Gillum would need to cut the gap between him and DeSantis by more than 13,000 votes to get within the 0.25 percent threshold.
Gillum would also have up to 10 days after the certification of the election outcome on Tuesday to file a lawsuit contesting the results, according to state law. He had not done so as of Thursday afternoon.
However, his attorney Barry Richard told MSNBC earlier in the week that Gillum was “reviewing his options” on a lawsuit, expressing concern that the election showed that Florida’s laws are impacting “the fundamental right to vote.”
“He feels an obligation to ensure that votes are counted and not to sit back when we’re beginning to learn that they are not being counted for a number of reasons,” Richard told MSNBC.
DeSantis has been in Tallahassee frequently since Election Night, and he is already rounding out his transition and embryonic administration.
At least four people are in the running to become Ron DeSantis‘ chief of staff: Kathy Mears, Scott Ross, Scott Parkinson, and Shane Strum, according to sources familiar with the interview process.
Campaign manager Susie Wiles, who guided the campaign down the stretch, is not in that mix; she will be returning to the private sector after helming the transition process.
Wiles and Parkinson are leading the transition process, with assistance from four heavy hitters: U.S. Rep.

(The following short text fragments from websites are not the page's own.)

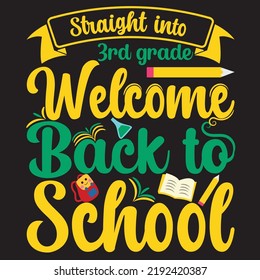 School typography t shirt design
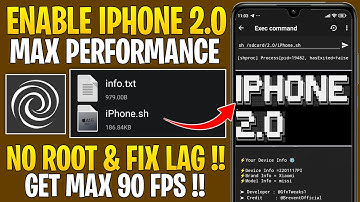 Enable iPhone Performance On Any Android Phone Without Root || Optimize FPS & Fix Lag !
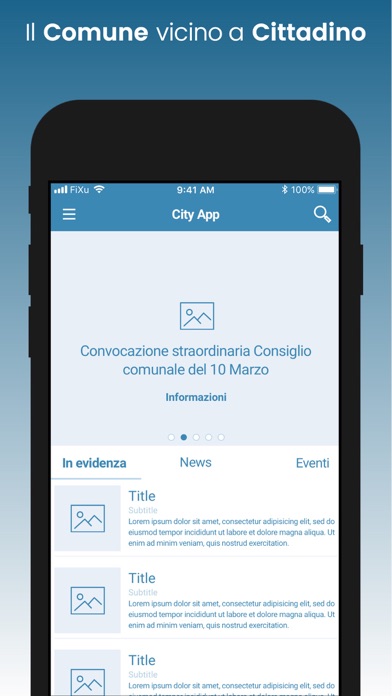 City App - il Comune in tasca screenshot 2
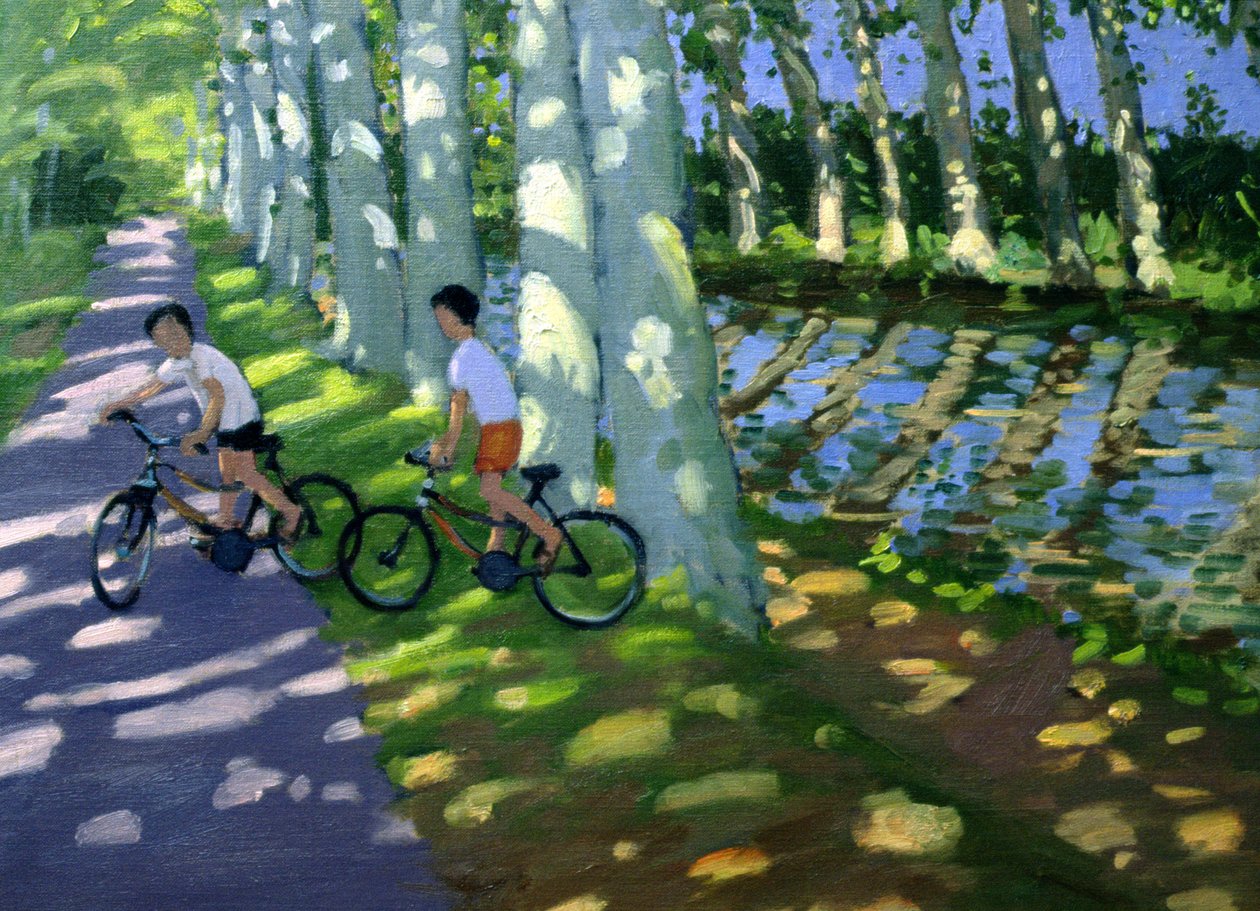 Canal du Midi, Francja autorstwa Andrew Macara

Matt Gaetz, former U.S. Sen. George LeMieux, former Lt. Gov. Toni Jennings, and former state House Speaker Richard Corcoran,
While DeSantis has promised continuity with the Rick Scott era, those who have covered state government throughout Scott’s eight years know that some of the harshest battles were between the populist right in the state House and the more pragmatic Senate.
On the campaign trail and in outreach, DeSantis contrasted himself with Gillum, suggesting the Tallahassee Mayor’s policies are too far left for Florida.
The Ponte Vedra Republican pledged to veto any and all tax increases for the next four years, contending that a state’s low-tax environment is its greatest asset for expanding the economy. In contrast, Gillum in part ran on a corporate tax rate hike.
DeSantis, who has described himself as a “Teddy Roosevelt-Republican,” is outspoken on environmental concerns.
He railed against his primary opponent Adam Putnam for not faulting the state’s massive sugar industry for the proliferation of toxic algae blooms plaguing the Treasure Coast. He has promised to expedite the construction of a reservoir south of Lake Okeechobee, expected to help ease the amount of toxic overflow into nearby estuaries.
Adding weight to his environmental policy platform was support from The Everglades Trust.
While the rough outline of a DeSantis administration continues to emerge, less certain is the immediate future of Democrat Gillum.
Tallahassee correspondent Danny McAuliffe and The News Service of Florida contributed to this post.